According to the organisation, the bill extends compulsory service, assigns all conscripts exclusively to the Army, tightens deferments and exemptions, expands unpaid labour by soldiers, increases penalties, lengthens reserve obligations and reinforces class inequalities within the armed forces. At the same time, they say, public services like health and education are weakened while military spending and the power of senior officers grow.

The group frames the bill as part of a wider “war-driven” agenda tied to NATO, EU militarisation and Greek–Turkish competition. It argues that the government is building a “cheap, disciplined and expendable army,” while demanding more austerity from the public.

Key points of criticism

Exclusive assignment to the Army
All conscripts, including women who enlist voluntarily, will now serve only in the Land Army, which the Network argues is designed to fill frontline units disproportionately with poorer young people.

Longer and more intensive training
Basic training is expanded from three to ten weeks, and conscripts are expected to take on more maintenance work and civil protection tasks, with no pay increase.

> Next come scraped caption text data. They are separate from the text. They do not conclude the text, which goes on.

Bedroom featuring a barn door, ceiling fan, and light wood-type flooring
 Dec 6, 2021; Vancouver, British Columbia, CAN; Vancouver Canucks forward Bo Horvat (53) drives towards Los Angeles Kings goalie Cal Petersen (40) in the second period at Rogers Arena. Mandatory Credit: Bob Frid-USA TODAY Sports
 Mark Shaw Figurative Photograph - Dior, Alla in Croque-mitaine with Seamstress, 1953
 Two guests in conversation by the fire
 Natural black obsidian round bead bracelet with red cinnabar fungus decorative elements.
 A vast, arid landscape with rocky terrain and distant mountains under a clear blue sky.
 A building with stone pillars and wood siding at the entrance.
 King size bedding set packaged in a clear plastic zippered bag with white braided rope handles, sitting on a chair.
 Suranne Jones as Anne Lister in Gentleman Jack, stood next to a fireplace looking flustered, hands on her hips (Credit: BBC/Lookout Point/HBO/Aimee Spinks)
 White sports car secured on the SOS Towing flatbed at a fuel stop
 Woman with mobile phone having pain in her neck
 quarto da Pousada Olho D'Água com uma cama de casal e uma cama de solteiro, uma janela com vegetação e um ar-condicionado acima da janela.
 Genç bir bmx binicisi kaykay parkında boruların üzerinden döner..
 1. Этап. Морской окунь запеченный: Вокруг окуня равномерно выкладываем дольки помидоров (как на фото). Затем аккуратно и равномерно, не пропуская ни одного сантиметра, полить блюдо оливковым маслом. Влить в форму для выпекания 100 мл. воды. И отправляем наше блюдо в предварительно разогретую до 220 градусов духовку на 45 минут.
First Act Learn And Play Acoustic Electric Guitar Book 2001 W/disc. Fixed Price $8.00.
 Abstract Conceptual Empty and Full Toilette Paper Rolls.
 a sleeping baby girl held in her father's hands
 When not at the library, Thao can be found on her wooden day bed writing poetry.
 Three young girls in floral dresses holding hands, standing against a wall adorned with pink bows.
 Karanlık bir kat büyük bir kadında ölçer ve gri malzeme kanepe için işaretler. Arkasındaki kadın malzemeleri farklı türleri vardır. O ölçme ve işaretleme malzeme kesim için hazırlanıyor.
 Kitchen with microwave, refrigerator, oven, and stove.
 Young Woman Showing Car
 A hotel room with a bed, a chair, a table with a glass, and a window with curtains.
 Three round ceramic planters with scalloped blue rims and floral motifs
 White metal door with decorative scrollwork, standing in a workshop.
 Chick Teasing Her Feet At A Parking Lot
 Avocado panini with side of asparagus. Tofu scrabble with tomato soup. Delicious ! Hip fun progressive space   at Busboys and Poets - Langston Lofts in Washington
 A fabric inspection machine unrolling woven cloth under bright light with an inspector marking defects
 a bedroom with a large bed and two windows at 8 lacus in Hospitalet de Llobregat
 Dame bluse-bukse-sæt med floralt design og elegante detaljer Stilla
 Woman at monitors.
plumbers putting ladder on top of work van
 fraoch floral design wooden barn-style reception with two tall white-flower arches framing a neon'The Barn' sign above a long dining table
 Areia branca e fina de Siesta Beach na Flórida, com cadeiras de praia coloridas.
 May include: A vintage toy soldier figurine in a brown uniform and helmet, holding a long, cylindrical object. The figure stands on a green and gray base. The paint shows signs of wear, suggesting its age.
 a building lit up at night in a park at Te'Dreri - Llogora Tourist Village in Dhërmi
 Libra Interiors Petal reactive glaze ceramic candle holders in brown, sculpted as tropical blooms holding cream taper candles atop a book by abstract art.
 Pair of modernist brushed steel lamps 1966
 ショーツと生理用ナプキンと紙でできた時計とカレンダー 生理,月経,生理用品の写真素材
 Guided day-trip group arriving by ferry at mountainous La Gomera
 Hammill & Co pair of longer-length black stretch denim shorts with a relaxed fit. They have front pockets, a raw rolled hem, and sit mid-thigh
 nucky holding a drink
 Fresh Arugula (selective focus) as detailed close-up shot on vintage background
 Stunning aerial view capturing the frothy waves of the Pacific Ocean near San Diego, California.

Stricter deferments and academic penalties
University students will lose deferral rights earlier, postgraduate and doctoral deferments are reduced, and student leave during service is abolished. The Network argues this punishes students and links the bill to wider efforts to tighten state control over universities.

Tougher restrictions on mental-health exemptions
Exemptions for psychological reasons (I5) will require multiple approvals, which the Network sees as an attempt to force more young people into service despite rising mental-health pressures.

Harsher penalties and reduced buy-out options
Additional service penalties are increased from two to six months, while the option to buy out service time is limited and more expensive.

Expanded reserves and semi-professional force
The bill creates a 150,000-person reserve force with obligations up to the age of 60 and introduces new professional roles with limited rights and low pay.

New security provisions
The Network denounces clauses allowing revocation of citizenship for disclosing “state or allied secrets,” calling them authoritarian measures aimed at silencing criticism of army conditions or allied actions.

Call for mobilisation

The Spartacus Network argues that the bill represents a major step towards “militarisation of youth” and calls for a broad anti-war movement to demand:

• reduction of compulsory service to six months for all
• equal split of service time between border and home areas
• decent pay and labour rights for conscripts
• safe, non-exploitative conditions
• resistance to Greece’s participation in NATO and EU military plans

“Young people are not cannon fodder,” the statement concludes.